Aksumite currency

5th-century gold coin of King Ezana.

Aksumite currency was coinage produced and used within the Kingdom of Aksum (or Axum) centered in present-day Eritrea and Ethiopia. Its mintages were issued and circulated from the reign of King Endubis around AD 270 until it began its decline in the first half of the 7th century where they started using Dinar along with most parts of the Middle East. During the succeeding medieval period, Mogadishu currency, minted by the Sultanate of Mogadishu, was the most widely circulated currency in the eastern and southern parts of the Horn of Africa from the start of the 12th century.[1]

Aksum's currency serves as an indicator of the kingdom's contemporary cultural influences and religious climate (first polytheistic and later Oriental Christianity). It also facilitated the Red Sea trade on which it thrived.[2] The coinage has also proved invaluable in providing a reliable chronology of Aksumite kings due to the lack of extensive archaeological work in the area.[3]

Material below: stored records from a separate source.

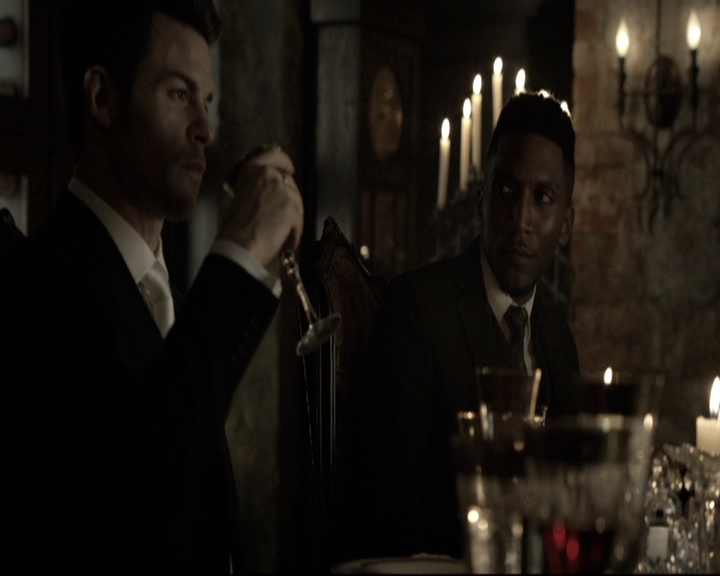 VampireDiariesWorld-dot-nl_TheOriginals-2x03EveryMothersSon1310.jpg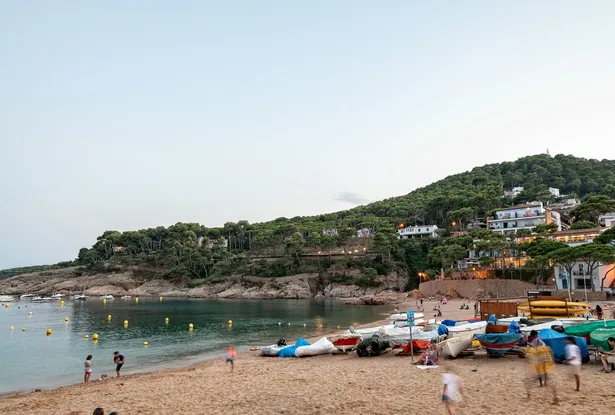 ES PORTIÓ - espectacular villa, situada en un rincón paradisíaco de la Costa Brava, con acceso directo al mar.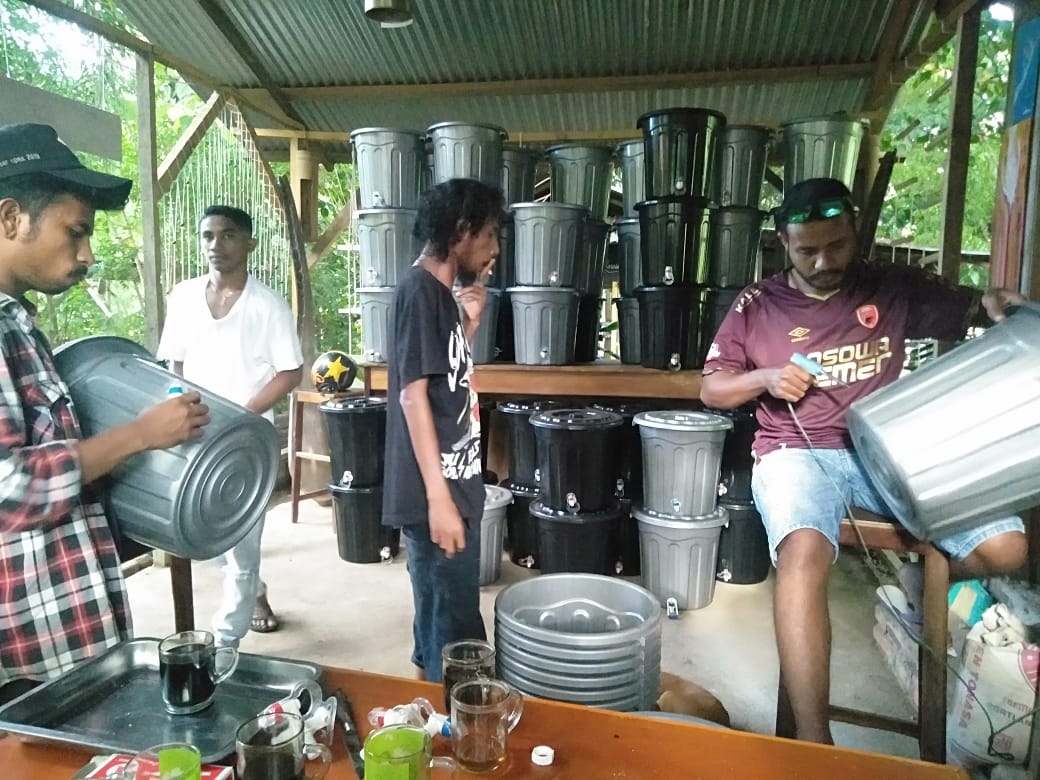 Para pemuda di Taman Daun, di Beluwa, Kelurahan Lewoleba Barat membuat ember yang dibagikan gratis untuk tempat cuci tangan.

  1. ^ Chittick, Neville (1975). An Archaeological Reconnaissance of the Horn: The British-Somali Expedition. pp. 117–133.
  2. ^ Stuart Munro-Hay, Aksum: An African Civilization of Late Antiquity (Edinburgh: University Press, 1991), p. 155.
  3. ^ Hahn, Wolfgang, "Coinage" in Uhlig, Siegbert, ed., Encyclopaedia Aethiopica: A-C (Wiesbaden: Harrassowitz Verlag, 2003), pp. 767–768.